This was a piece I created for thefor the Third Coast Festival Short Docs Challenge. It’s  a three-minute sonic collage created almost entirely from appropriated materials, mostly soundtracks from military training and educational films.  I’ve included a brief statement of intent below, but my suggestion is to listen to the piece before reading, if you choose to read it at all.

Statement of Intent:
The piece was actually inspired by a Brecht quote about “an inescapable profusion and confusion in the tower of Babel.” I thought that “I didn’t know that” would be a good starting point for an exploration of state-controlled “truths” with the title phrase representing the public’s naive willingness to accept what we now recognize as mistruth and propaganda. I wanted the tension between time periods to emphasize how relativistic these messages are, depending on when we hear them – hopefully the mixing of periods emphasized the relationship between contemporary and dated material.

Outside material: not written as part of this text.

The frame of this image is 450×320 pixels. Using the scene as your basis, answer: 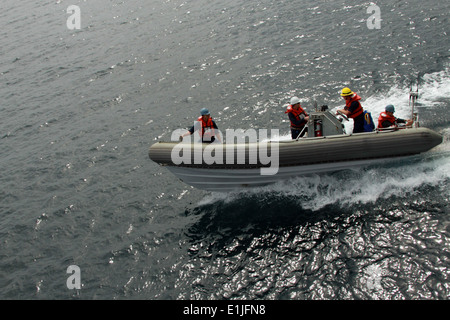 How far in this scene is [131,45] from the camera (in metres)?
26.3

I originally titled the piece ” I Didn’t Know That: A Triptych” because I tried to create three distinct sections. The first is the monologue of media controlled messages, the second is a dialogue between the messages. The third section actually begins with Brecht himself reading a poem in his native German entitled “To Those Who Follow in Our Wake”, which, in translation, begins:

Truly, I live in dark times!
An artless word is foolish. A smooth forehead
Points to insensitivity. He who laughs
Has not yet received
The terrible news.

Layered on top of this is the voice of McLuhan discussing his idea of “resonance” – nonlinear, nonlogical comprehension of sounds and images. These are the 2 voice of “authenticity” that are eventually buried by the familiar voices introduced in the first two parts, which are layered over them to create a cacophony that is (hopefully) a sum greater than its parts. Anyway, I removed the subtitle since it didn’t strictly fit within the Third Coast guidelines and I’m sort of glad I did, as I felt it opened the piece up to a greater breadth of interpretation.